Testimonios recogidos por Ferrer con relatos de antiguos presos llegan a hablar de internos rebuscando comida sin digerir en letrinas, del robo de comida para animales que criaban los carceleros y de la ingesta de lagartijas, gatos, perros y hasta un burro.
Solo les servían una sopa aguada con alguna verdura, sobre todo calabaza, a veces putrefacta. Los que no recibían paquetes de la familia podían canjear en un economato vales que obtenían a cambio de su trabajo, aunque la compensación era poca y las viandas de la tienda escasas en aquellos días de posguerra en un territorio aislado, por lo que no se alcanzaba una dieta básica sin ayuda exterior.
El mismo carro en que llegaban los escasos alimentos llegó a llevar al cementerio un cadáver cada tres días.
El principal trabajo de los presos, cuenta el historiador, fue la construcción del propio presidio.

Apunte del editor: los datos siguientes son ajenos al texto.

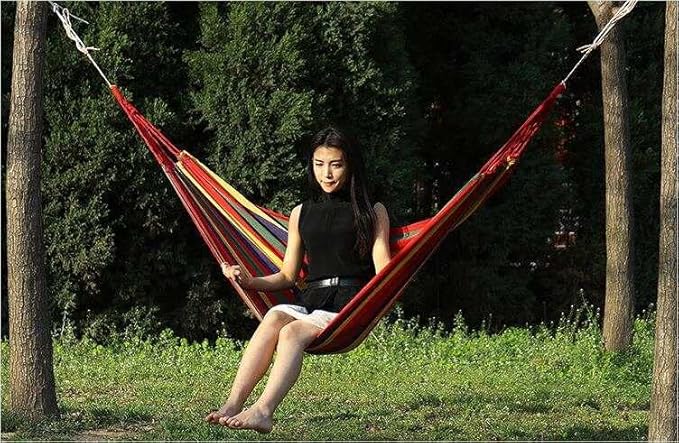 k&klacosta Hammock Outdoor Cotton Hammock Multi Load Capacity Portable Hammock Up to 450lbs with Carry Bag for Patio Garden Camping Red Yellow Stripes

Ferrer contempla la hipótesis de que la razón de construir en Formentera este campo de reclusión fuera recrudecer con aislamiento y alejamiento la condena de encierro, una constante histórica que liga islas y prisiones.

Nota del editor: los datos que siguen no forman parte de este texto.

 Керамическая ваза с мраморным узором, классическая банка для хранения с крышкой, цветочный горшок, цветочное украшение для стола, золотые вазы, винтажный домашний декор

Los presos del bando republicano que dejaron su testimonio no solo hablaron de hambre, sino también del maltrato de algunos guardias, que castigaron con saña a los partícipes de una fuga frustrada, de la prohibición de hablar catalán y de la humillación política de vivir en barracones de madera y chapa bautizados con nombres de héroes de la "cruzada" y de ser obligados a cantar en formación himnos de los vencedores en el patio presidido por la bandera del bando nacionalista.

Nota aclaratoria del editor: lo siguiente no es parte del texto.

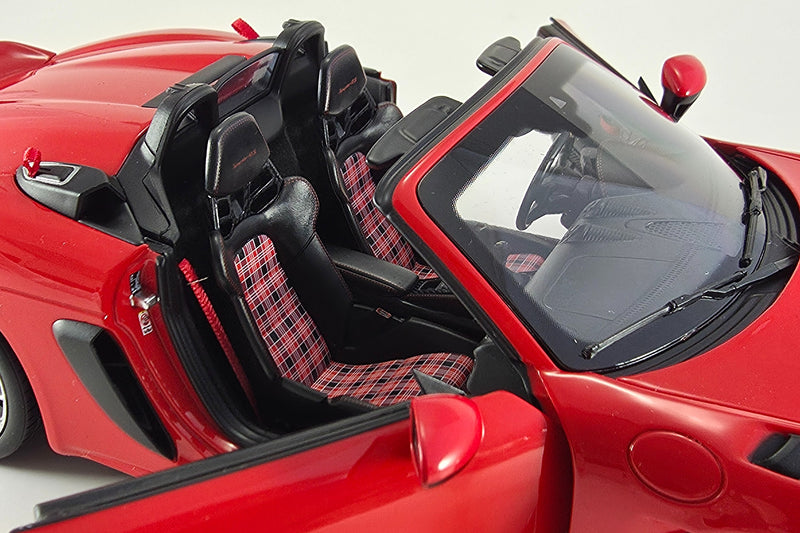 Porsche 718 Spyder RS (2023) | 1:18 Scale Diecast Model Car by Norev | Guards Red Interior Detail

Sentenciados en manos de la administración carcelaria había en 1940 en todo el país casi 271.000 personas, el 1 por ciento de la población (ahora los reclusos suponen alrededor del 0,1), y esa cifra no contempla presos a cargo del ejército y fuerzas paramilitares.
Un proyecto prevé en el lugar un centro de interpretación para que su historia no se olvide.